We're very low budget. We have a little cash but not nearly enough to buy a homestead outright, especially one with any significant acreage.

So, he found a 2br/1ba fixer upper on 1.5 acres in a fairly decent area for $25k. Hmmm. Not quite what I was looking for, but I wondered if it would be a place to at least make a start, perhaps a fairly short term investment.

The realtor told me that if I could turn the place into a 3br/2ba and make it look like something from an HGTV renovation, it would probably sell around $100k, maybe a bit more.

It's tempting. I've done enough building / remodeling that a project like that doesn't intimidate me if I've got something to work with. (Won't know that until we look at it later on this week or next.) It may not be practical, in which case, we'll probably pass. 

The other thing that bothers me is that I could get wrapped up in a house that I can't sell, for whatever reason, when I'm done with it. I suppose it could be a decent rental if it doesn't sell. (?) I've never been a landlord.

It's definitely not as large a piece of land as I'd like to have to work with. I might be able to get a half acre or so, maximum, going for some serious gardening (which is what I really want to do). 

I'm not looking at this place as a permanent home at all but considering it as maybe a stepping stone to help get me where I want to be. Even netting $25k or $30k for my efforts would be a nice boost towards our dwindling nest egg and that could help propel us towards a place that's more like what we envision as a homestead we'd like to stay in for a while.

I know the economy is going down the tubes. And it kinda scares me a little soaking so much into an investment that I don't exactly know the outcome on. Then again, if worse came to worst, I'm thinking it would be a paid for home that could at least grow enough produce to pretty much feed us even if it wasn't where we wanted to be exactly. Planting just a few fruit trees early on might be a good thing to do anyway, who knows, could be a "selling point" or "feature".

Whatcha think? Something worth pursuing? Or something to avoid? I'd certainly be open to suggestion.

Thanks!


----------



## Ceilismom (Jul 16, 2011)

Worth taking a look at. Also worthwhile, if the house looks promising, to find out the likelihood of adjacent landowners being willing to sell you some land in the future. If the economy gets much worse, you might be glad to have a piece of ground, no matter the size, that is your own. If it gets better, then you stand a better chance of turning a profit from your labor.


----------



## Evons hubby (Oct 3, 2005)

When I was in the real estate game those "bargains" were rarely sold to customers. We bought them ourselves. There was just something about doubling my own money instead of some one elses that was always fascinating to me. Your realtor must be a very generous type person.


----------



## Bellyman (Jul 6, 2013)

Yvonne's hubby said:


> When I was in the real estate game those "bargains" were rarely sold to customers. We bought them ourselves. There was just something about doubling my own money instead of some one elses that was always fascinating to me. Your realtor must be a very generous type person.

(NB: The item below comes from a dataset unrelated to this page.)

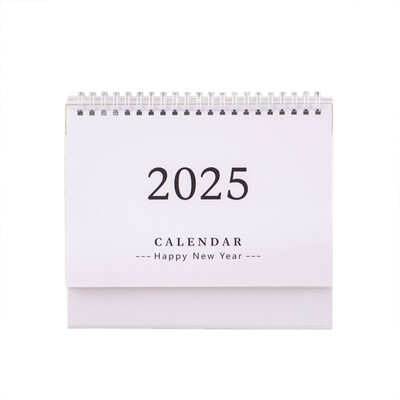 Mali stolni kalendar 2024.-2025., stojeći preklopni stolni kalendar od 2024. do 2025. - stolni kalendar s metalnim prstenom i dvostrukim žičanim uvezom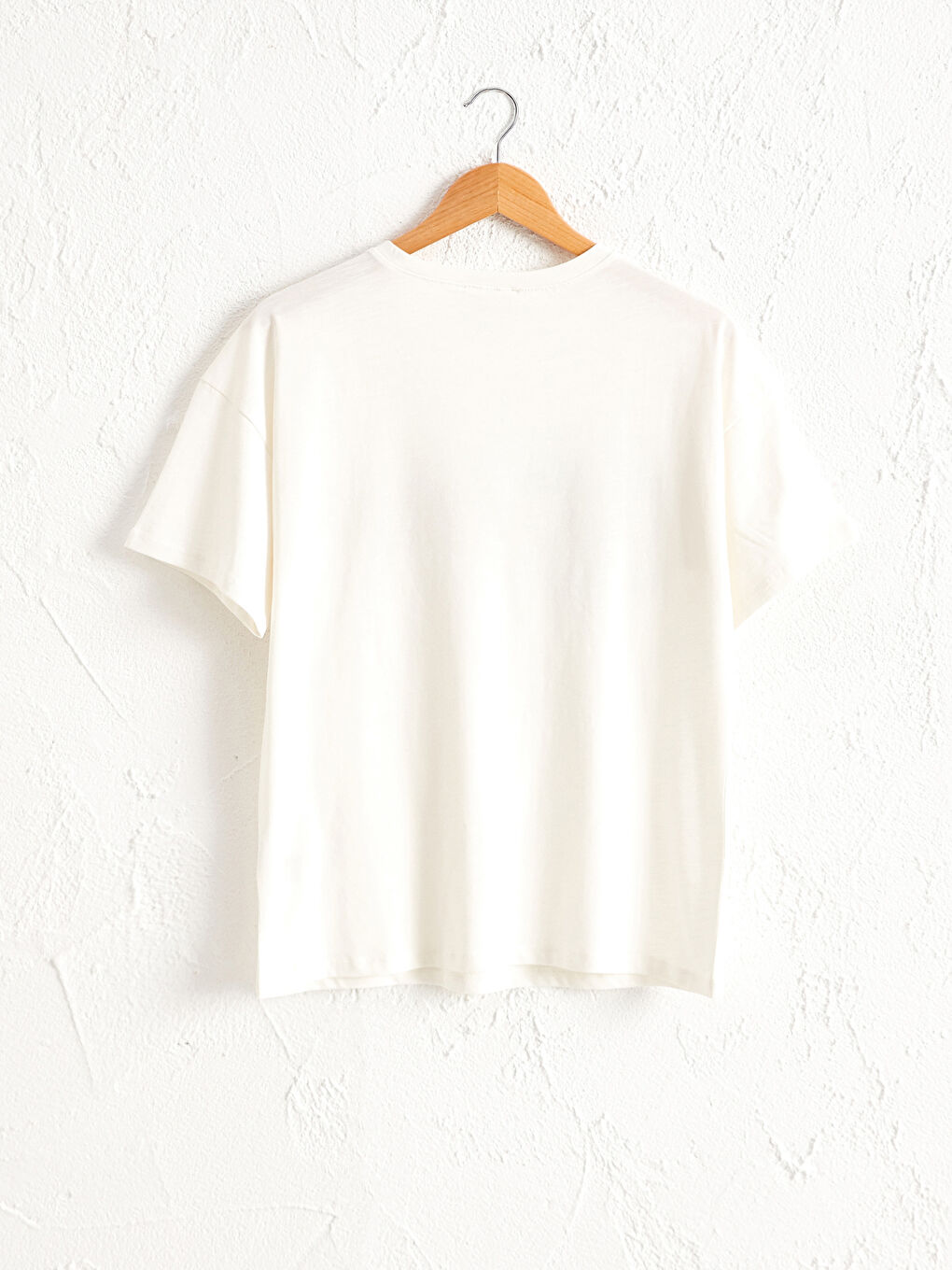 Majica od pamuka sa štampanim slovima i šljokicama-1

Don't know yet... He might be a generous person. Or he might be trying to sell me something that should be torn down / burned rather than renovated. Will see soon.

Have been traveling for the past couple of days but am now within about 100 miles from the place. Hope to have a look later this week, if it's still for sale, that is. If it's a real "bargain", it may have already been snatched up.


----------



## Michael W. Smith (Jun 2, 2002)

You have to take a look and see it before you can start "Should I or shouldn't I?"

Take a look at the house - does it have a good foundation, and can you see where you can add on the extra bedroom / bathroom? Can you spruce up the landscaping outside to make it look better and more inviting?

If you think you can, drive around to other houses for sale in the area that would be comparable to your "finished project" in your mind. What are they selling for?

Take those prices and subtract your purchase price and estimated cost of materials. Would it be enough of a profit if you couldn't sell the house for a year or more?

And there is always renting. You just have to be selective in the people that are looking at it - and remember to stay away from anyone that is in a big hurry to move in - no matter what their excuse is.

Good luck.


----------



## fffarmergirl (Oct 9, 2008)

If it was me I'd consider whether or not I could live in it permanently if something happened and my income suddenly got very low. 25K is a very low mortgage payment. Are you allowed to have chickens? Goats? Is there a place for a good garden? Does it have a basement that would be good for root storage? A well? What are the neighbors like? 

If it looks like a place that could support your eating habit, then it would be great to go ahead and get it with the plan of flipping it. Not flipping it would be your "Plan B" in case of emergency or economic collapse.


----------



## motdaugrnds (Jul 3, 2002)

I agree with others who have suggested that you take a good look at it (and check out the neighborhood). Also, don't forget to check out the soil, any water well that may be on the place and what type of disposal system it has. (I'd talk with the county ag agent and county health dept too if I liked what I was seeing...just to double check on the water and the soil in that area.)

You're certainly right about the economy being unstable; so whatever you decide, make sure it is something you can live with for a longer period of time than originally thought.


----------



## Bellyman (Jul 6, 2013)

Update:

Just wanted to thank you all for the thoughts.

Apparently, it was a good enough deal that it got scarfed up before I got to see it. It's been sold.

Oh, well. Will keep on lookin'.



Thanks!


----------